BEGIN
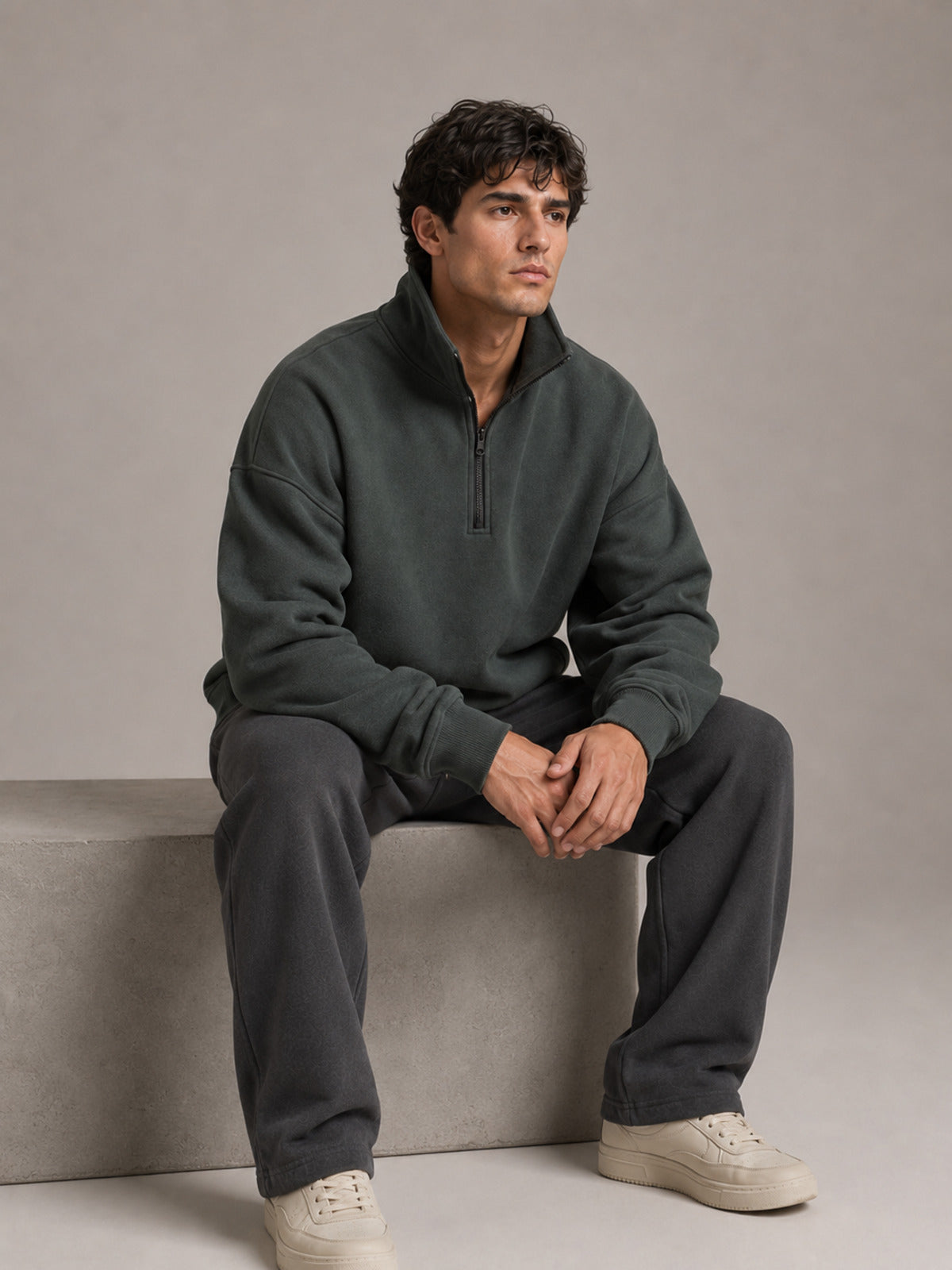 Akumi Crestline Quarter Zip in Slate Pine seated studio styling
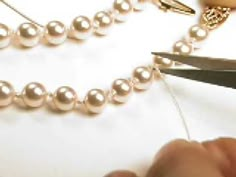 a pair of scissors cutting pearls on a white surface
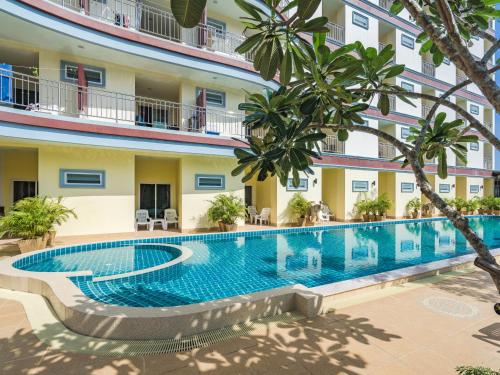 a swimming pool in the courtyard of a hotel with trees at Smile Residence in Rawai Beach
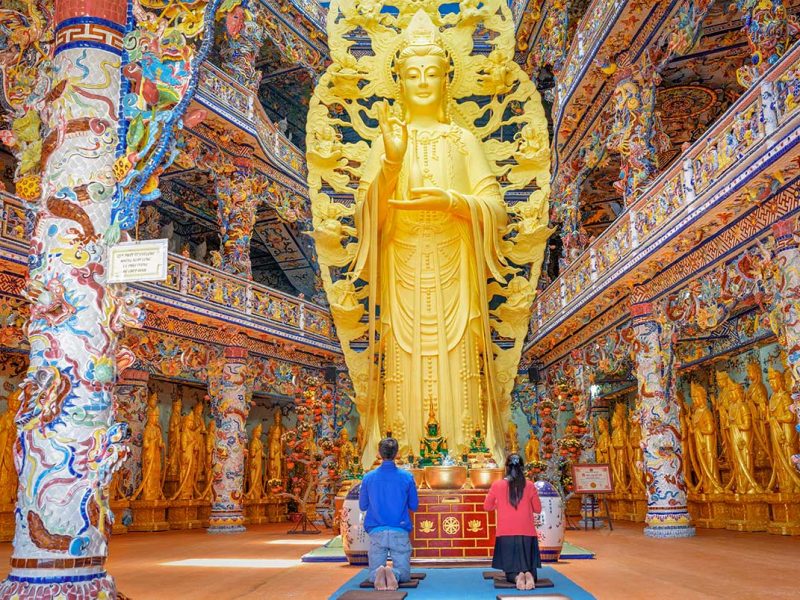 Visitors praying in front of the large Buddha statue at Linh Phuoc Pagoda in Dalat, highlighting the spiritual atmosphere of the temple
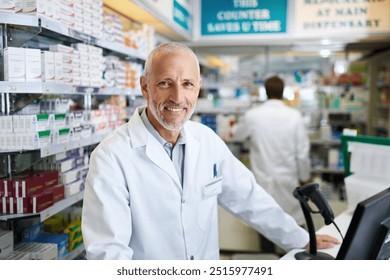 Portrait, mature and happy man at pharmacy on computer for healthcare, service or medicine. Pharmacist, face or medical professional in drugstore for stock, sales and online email at checkout counter - Powered by Shutterstock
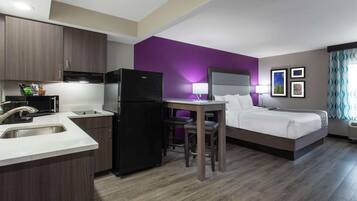A modern hotel room with a kitchen area, a dining table, and a bed.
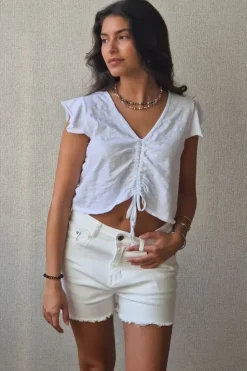 Camiseta blanca con volantes en los hombros y frunce en el pecho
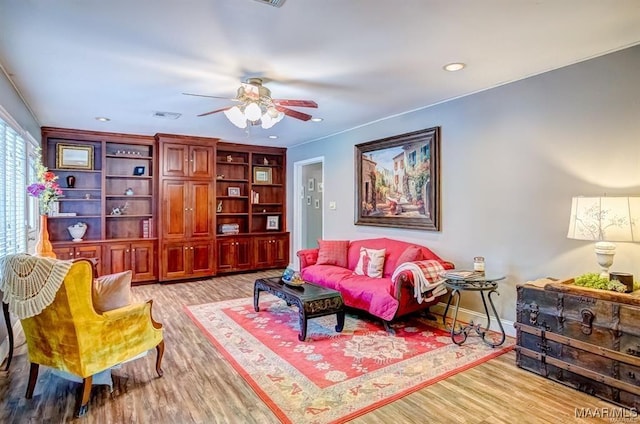 living room featuring ceiling fan and light hardwood / wood-style flooring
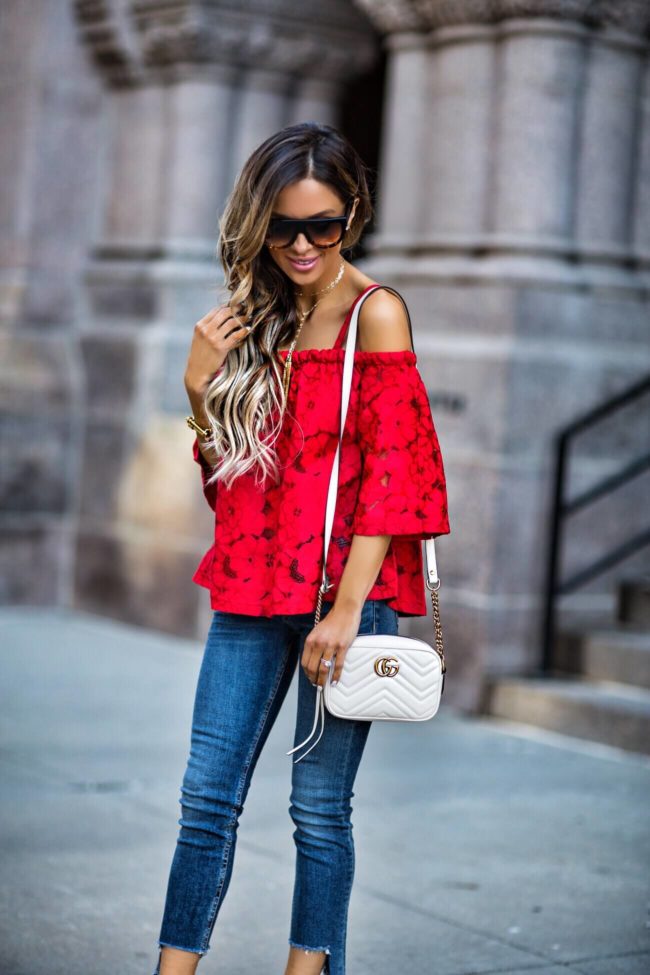 mn fashion blogger mia mia mine wearing a red lace top and a gucci marmont bag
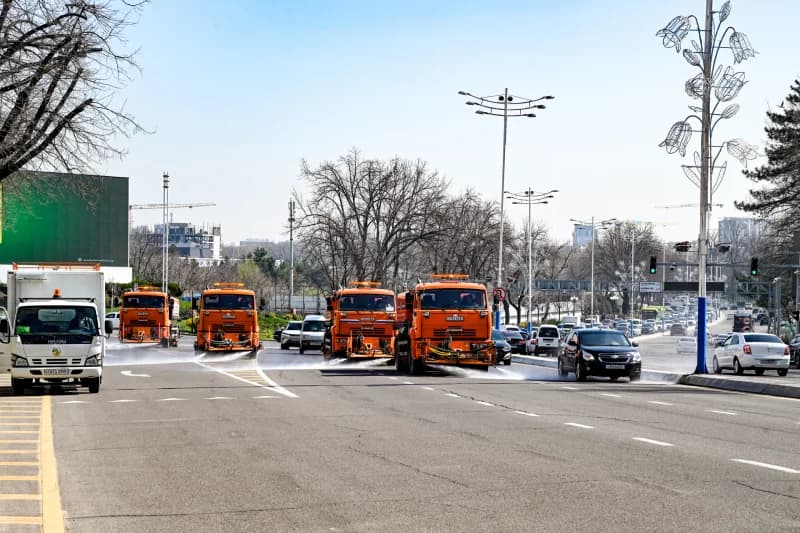 Оранжевые грузовики убирают городскую улицу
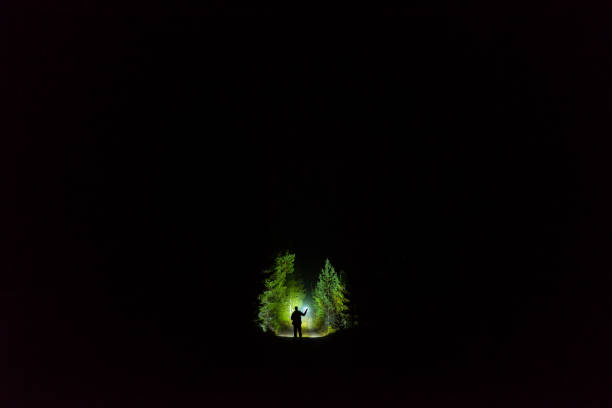 istock Man standing outdoor at dark night shining with flashlight 1195272099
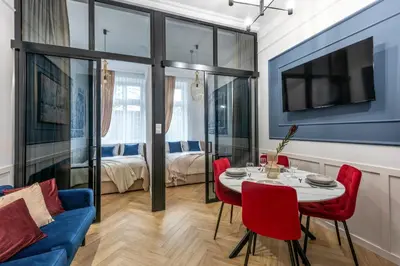 a living room with a table and chairs and a couch at Colora Apartments by MB Apartments in Kraków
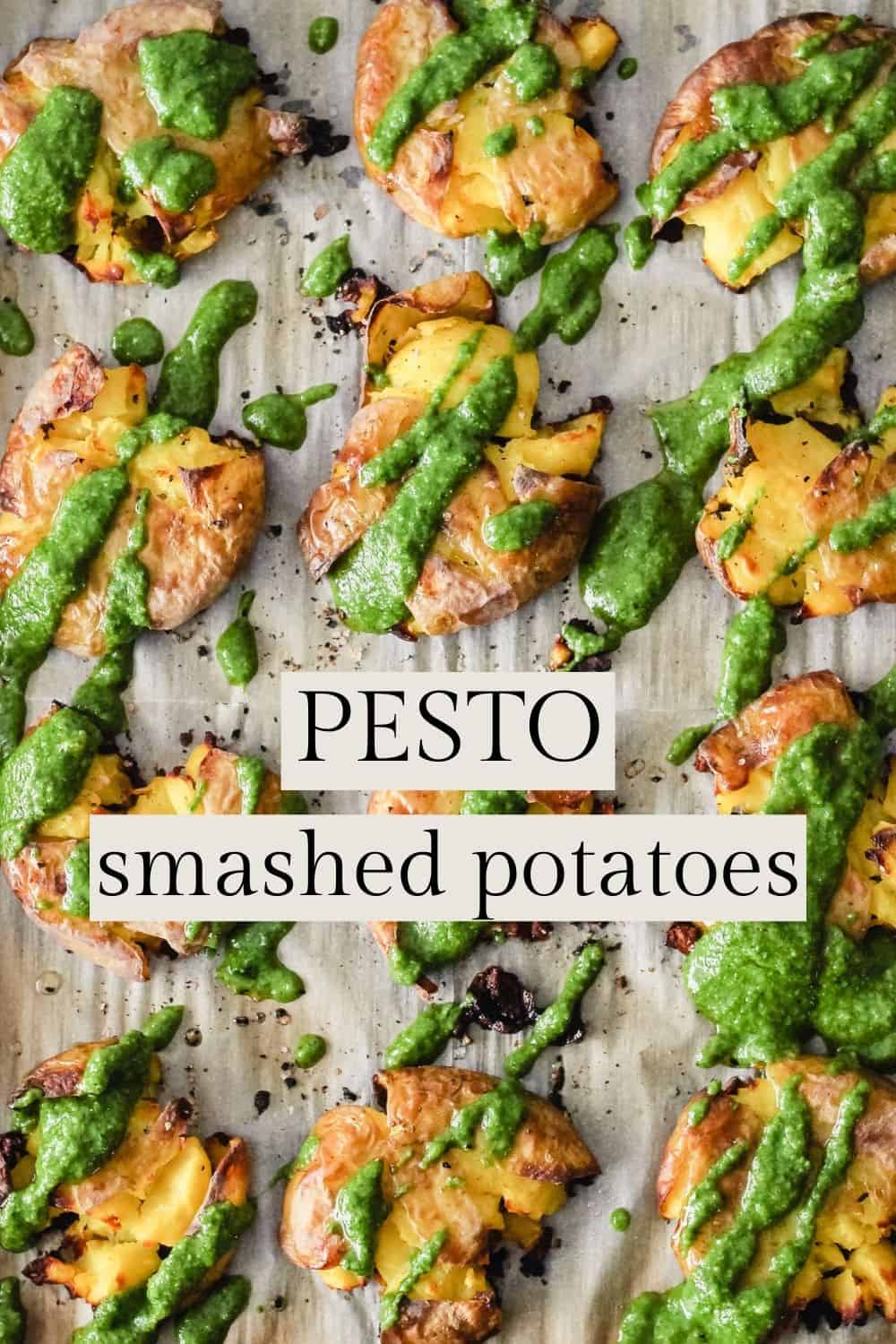 Smashed potatoes with pesto sauce on a baking sheet. Text reads, "Pesto Smashed Potatoes."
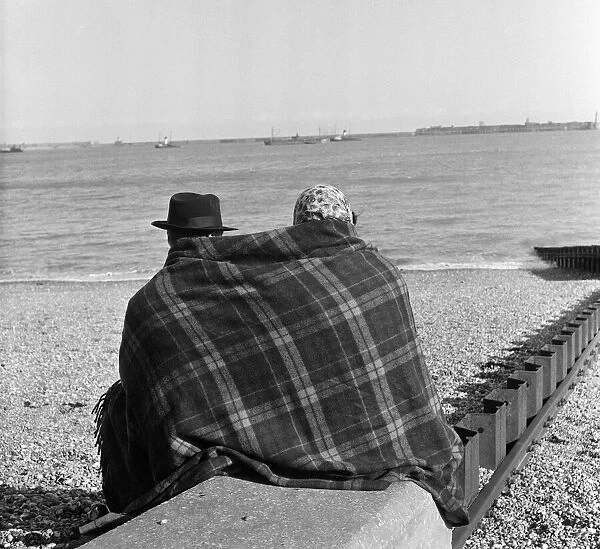 Two visitors to Dover in Kent huddled up on the beach in blankets. 16th April 1954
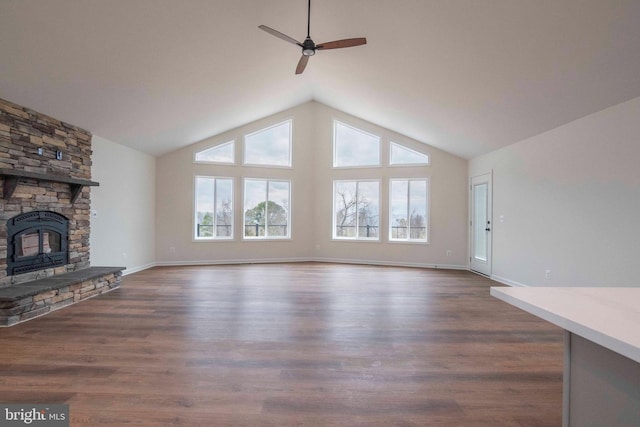 unfurnished living room featuring baseboards, dark wood-style floors, ceiling fan, a fireplace, and high vaulted ceiling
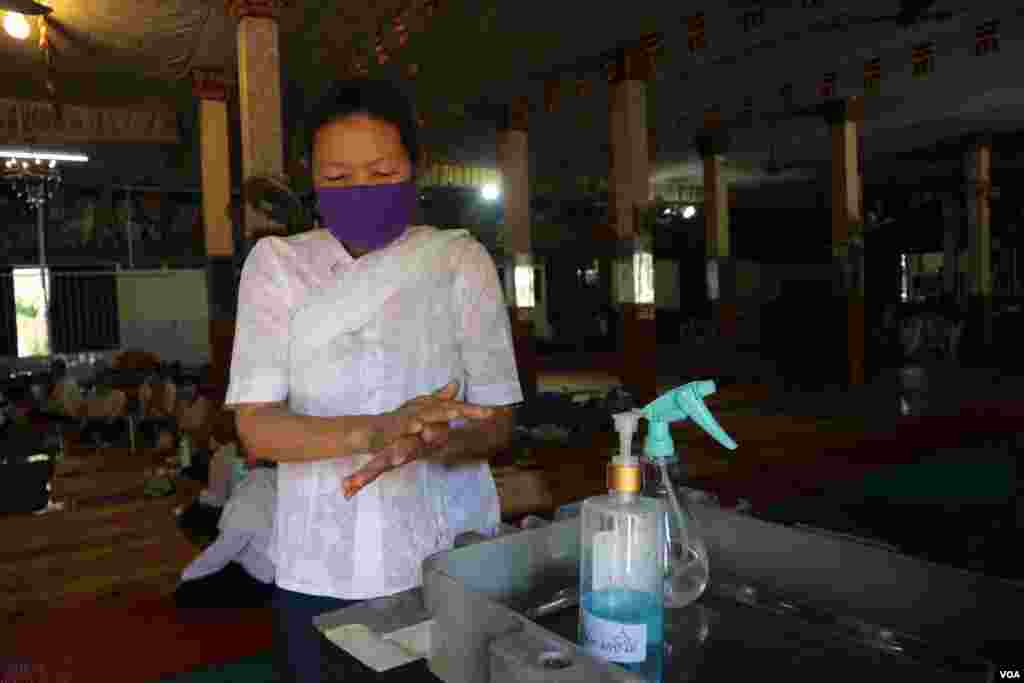 ស្រ្តី​ម្នាក់​កំពុង​លាង​ដៃ​នឹង​អាល់​កុល អំឡុង​​ពេល​​ប្រារព្ធ​ពិធី​បុណ្យ​ចូល​ឆ្នាំ​ខ្មែរ​ថ្ងៃទី​២ ​​នៅ​វត្ត​​ថាន់​ រាជធានី​ភ្នំពេញ នៅ​ថ្ងៃ​ទី​១៤ ខែមេសា ឆ្នាំ​២០២០។ (កាន់ វិច្ឆិកា/VOA)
END
● **Assigned task**
Would you copy out, exactly and with no pictures, only the lines above from the one that contains "Portrait, mature and" through the one that contains "istock Man standing"?

● **Exercise output**
 Portrait, mature and happy man at pharmacy on computer for healthcare, service or medicine. Pharmacist, face or medical professional in drugstore for stock, sales and online email at checkout counter - Powered by Shutterstock
A modern hotel room with a kitchen area, a dining table, and a bed.
 Camiseta blanca con volantes en los hombros y frunce en el pecho
 living room featuring ceiling fan and light hardwood / wood-style flooring
 mn fashion blogger mia mia mine wearing a red lace top and a gucci marmont bag
 Оранжевые грузовики убирают городскую улицу
 istock Man standing outdoor at dark night shining with flashlight 1195272099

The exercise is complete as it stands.